This government intervention is one of a set of actions taken by all levels of government in order to try to solve one of the most endemic of the problems experienced in our society, whether in Canada or in Quebec: the impoverishment of women and children.
Last year, Quebec passed legislation to ensure that, as soon as child support is awarded, a mechanism is put in place by which court orders for child support are automatically recorded by the clerk of the superior court in which the case is heard. Under the system, those not earning a regular salary are required to deposit as security the equivalent of three months' support payments. In the case of wage earners, payments are deducted at source.
These measures are aimed at simplifying the payment of support for children and the custodial parent. Similar measures have been adopted in other Canadian provinces. For instance, a universal and compulsory system for the automatic deduction of support payments also exists in Manitoba, Ontario and New Brunswick. In other words, the provincial governments have already taken certain steps within their own jurisdictions to improve the financial situation of women and children.

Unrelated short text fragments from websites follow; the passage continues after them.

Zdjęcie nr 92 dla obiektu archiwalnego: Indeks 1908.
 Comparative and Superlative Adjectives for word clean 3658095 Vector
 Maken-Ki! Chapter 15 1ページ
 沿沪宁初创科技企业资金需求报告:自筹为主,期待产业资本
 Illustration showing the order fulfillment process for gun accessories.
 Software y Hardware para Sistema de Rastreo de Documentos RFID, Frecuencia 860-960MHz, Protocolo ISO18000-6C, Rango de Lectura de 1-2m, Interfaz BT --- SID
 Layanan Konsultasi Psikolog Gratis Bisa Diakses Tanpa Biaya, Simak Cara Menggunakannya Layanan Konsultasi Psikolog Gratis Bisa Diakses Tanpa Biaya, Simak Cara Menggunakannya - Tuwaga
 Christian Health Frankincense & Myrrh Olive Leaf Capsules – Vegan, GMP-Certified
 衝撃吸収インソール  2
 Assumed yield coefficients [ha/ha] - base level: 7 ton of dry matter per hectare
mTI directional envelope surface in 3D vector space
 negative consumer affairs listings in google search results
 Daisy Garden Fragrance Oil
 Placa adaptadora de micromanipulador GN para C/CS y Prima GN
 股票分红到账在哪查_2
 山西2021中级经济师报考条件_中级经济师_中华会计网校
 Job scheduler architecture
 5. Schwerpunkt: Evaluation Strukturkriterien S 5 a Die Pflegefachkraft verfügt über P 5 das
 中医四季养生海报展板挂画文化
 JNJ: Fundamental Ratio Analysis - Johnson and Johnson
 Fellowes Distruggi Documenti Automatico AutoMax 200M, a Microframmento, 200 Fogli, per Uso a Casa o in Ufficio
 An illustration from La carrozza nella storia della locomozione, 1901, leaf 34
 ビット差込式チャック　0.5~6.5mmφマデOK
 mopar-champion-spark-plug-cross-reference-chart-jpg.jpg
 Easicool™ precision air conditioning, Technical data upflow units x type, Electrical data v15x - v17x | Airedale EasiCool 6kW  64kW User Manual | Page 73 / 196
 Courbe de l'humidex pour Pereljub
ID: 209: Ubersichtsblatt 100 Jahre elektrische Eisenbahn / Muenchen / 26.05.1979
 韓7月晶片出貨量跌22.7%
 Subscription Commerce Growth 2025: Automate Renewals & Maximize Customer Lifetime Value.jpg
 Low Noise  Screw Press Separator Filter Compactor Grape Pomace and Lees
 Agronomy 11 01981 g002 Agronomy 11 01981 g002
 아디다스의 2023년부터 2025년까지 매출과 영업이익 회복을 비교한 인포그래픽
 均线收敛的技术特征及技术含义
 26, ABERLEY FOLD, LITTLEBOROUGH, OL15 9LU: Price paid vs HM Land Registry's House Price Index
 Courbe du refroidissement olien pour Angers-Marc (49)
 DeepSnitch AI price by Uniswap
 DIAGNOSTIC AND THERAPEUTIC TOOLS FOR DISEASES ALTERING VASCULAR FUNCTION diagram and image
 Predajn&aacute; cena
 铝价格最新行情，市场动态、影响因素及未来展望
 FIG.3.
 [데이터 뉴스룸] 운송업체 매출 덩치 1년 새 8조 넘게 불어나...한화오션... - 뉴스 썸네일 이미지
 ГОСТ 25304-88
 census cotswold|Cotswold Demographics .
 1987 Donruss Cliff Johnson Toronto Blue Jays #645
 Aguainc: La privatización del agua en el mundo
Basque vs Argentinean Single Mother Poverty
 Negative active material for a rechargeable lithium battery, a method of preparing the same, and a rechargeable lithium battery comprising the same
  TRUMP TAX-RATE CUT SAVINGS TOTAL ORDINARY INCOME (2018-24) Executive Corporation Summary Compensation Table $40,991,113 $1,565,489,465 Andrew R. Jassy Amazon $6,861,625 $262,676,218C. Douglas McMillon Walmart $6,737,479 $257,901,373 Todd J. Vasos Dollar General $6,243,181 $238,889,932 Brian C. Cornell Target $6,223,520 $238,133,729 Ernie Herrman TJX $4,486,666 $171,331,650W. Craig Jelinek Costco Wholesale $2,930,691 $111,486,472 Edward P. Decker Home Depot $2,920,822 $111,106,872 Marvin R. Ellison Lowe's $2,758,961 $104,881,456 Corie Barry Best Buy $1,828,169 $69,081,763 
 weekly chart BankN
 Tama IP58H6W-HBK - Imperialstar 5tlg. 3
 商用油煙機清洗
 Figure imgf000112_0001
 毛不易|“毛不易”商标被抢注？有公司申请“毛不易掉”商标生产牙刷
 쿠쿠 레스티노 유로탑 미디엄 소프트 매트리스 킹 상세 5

The bill tabled by the federal government today is intended to complement action taken by other governments in the fight against poverty. Divorce is obviously a fact of life in Quebec and Canadian society. In Quebec, however, the phenomenon has become more widespread than anywhere else, with nearly 50 per cent of marriages ending in divorce.
In 1990, there were 78,152 divorce judgments in Canada, leading to 48,525 judgments on child custody, while about 44 per cent of judgments on family matters involved an order for support payments. In 1989 alone, 83 per cent of all these judgments were the result of an agreement between the spouses. We all know what the situation is like when such agreements are made, so it is clear how the existence of a grid would have a considerable impact on the negotiating process.
It is also true that in Quebec, the vast majority of those who receive child support payments-98 per cent in 1988 and 77 per cent in 1990-are women. This is to explain why, in my speech, I refer to the custodial parent in the feminine. I hope my colleagues understand I certainly have no intention of downplaying the fact that the remaining 20 per cent of custodial parents are men.
The statistics are very clear: two thirds of divorced women with three children live below the poverty line. When the mother is poor, her children are poor, since, as I just said, 80 per cent of the children live with the mother. This comes as no surprise. We are all familiar with this fact.
I would like to point out that the decision is made with the consent of both spouses. And I would also like to remind this House of the impact of single parenthood on women and children. A link has been established between poverty among women, especially those with children, and marital breakdown. As I mentioned earlier, single parent families headed by women are, as a group, most exposed to poverty in Canada.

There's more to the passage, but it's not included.